Will eventually resolve to the party which won the popular vote for the race, as determined by the local, state, and ultimately federal governments.
In the case the race is called by the major news organizations, the market may optionally resolve early.
This market covers events up to and including Election Day, November 5: if Party A's candidate X wins the popular vote that day, but intervening events cause the next inaugurated Senator to be from Party B, the market will resolve to Party A.
If candidate X switches party affiliations, the switch will not affect the outcome if it is after the beginning of Election Day, local time.
Analysis from the Manifold newsletter:
Maryland: Angela Alsobrooks (D) vs. Larry Hogan (R)
Democrat win chances per models: >99% (The Hill), >99% (538), 96% (Split Ticket)
Expert forecasts: Likely D (Cook), Likely D (Sabato), Likely D (Inside Elections)
Polling average (538): Alsobrooks+10
Election result in 2018, a Democratic wave year: D+35 (Cardin vs. Campbell)
Election result in 2012, amid Obama's reelection: D+30 (Cardin vs. Bongino)
Recent Maryland presidential election results: Biden+33 (2020), Clinton+26 (2016), Obama+26 (2012)
Manifolder commentary from 6 months ago:
SemioticRivalry: I tried to figure out the odds of an average congressional candidate outperforming Trump by >30 points while sharing his ballot and here's what I got:
Obviously Hogan is no generic R but my priors are pretty strong on this one.
Johnny Ten-Numbers: For my part I just saw that the Republicans were trading at 25% on Polymarket [Editor’s note: now only 10%] and Good Judgment Open is at 38%. But I definitely agree the Democrats are the heavy favourites.
SemioticRivalry: Jesus Christ himself could not win this seat running as a Republican
Conflux commentary:
Earlier in this post, I discussed a few examples of Democrats who are atypically popular in red states: Joe Manchin, Jon Tester, Sherrod Brown. This post concerns the reverse: Larry Hogan, the Republican nominee, who left office as governor of Maryland with a 77% approval rating. He initially won the governorship in 2014 in a close upset, then was reelected in 2018 by a R+12 margin. He’s governed as a moderate, and is not a Trump supporter.
There was some speculation that Hogan would run for president in 2024, but he endorsed Nikki Haley and went for Senate instead. Unfortunately for his chances, Senate races tend to be more nationalized, so his opponent, Angela Alsobrooks (who is the Executive of Prince George’s County) will likely win. But I think The Hill’s model (and SemioticRivalry, although his trading record is superior to mine…) to be a little overconfident. I’d give Hogan around a 5% chance to pull off the upset.

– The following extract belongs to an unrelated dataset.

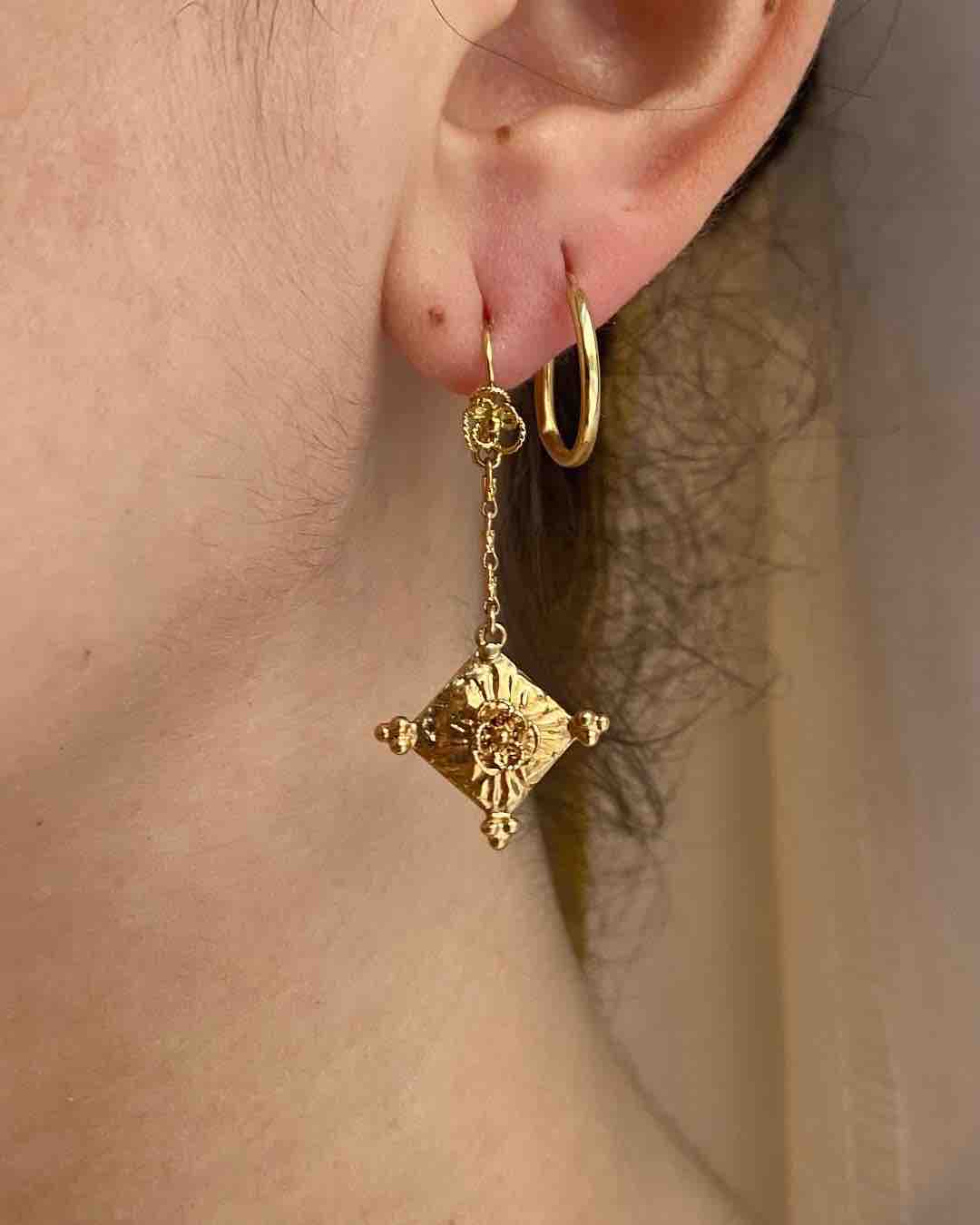 Boucles d&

@SemioticRivalry How did you calculate the odds? Did you just take the mean and standard deviation of the historical outperformance and use a normal cdf?

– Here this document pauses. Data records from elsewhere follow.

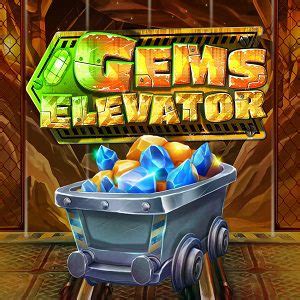 Gems Elevator 888 Casino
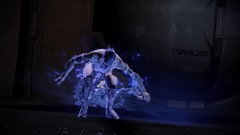 Characters mass effect 2 mass effect asari liara tsoni video 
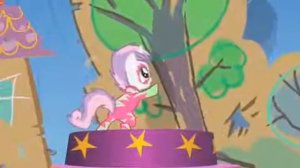 Милая пони песни 11 серия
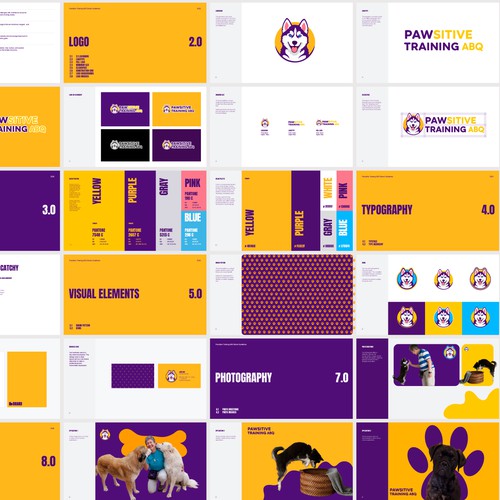 The Pawsitive Training ABQ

@PlasmaBallin yes but just 2020 because ticket splitting has fallen way off in the last few cycles. r^2= 0.997 between pres and house results. The highest residual is 0.094 (MN-05) out of 404 races and Hogan would need ~0.15.

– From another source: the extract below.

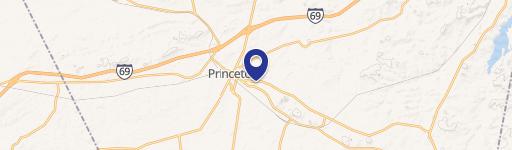 1101 Hopkinsville St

@SemioticRivalry For my part I just saw that the Republicans were trading at 25% on Polymarket (https://polymarket.com/event/maryland-us-senate-election-winner?tid=1712782188122) and Good Judgment Open is at 38% (https://www.gjopen.com/questions/3339-who-will-win-the-us-senate-election-for-maryland-in-2024/crowd_forecast). But I definitely agree the Democrats are the heavy favourites.
@SemioticRivalry Pleasure doing business with you, I just left an even bigger limit order at 16%.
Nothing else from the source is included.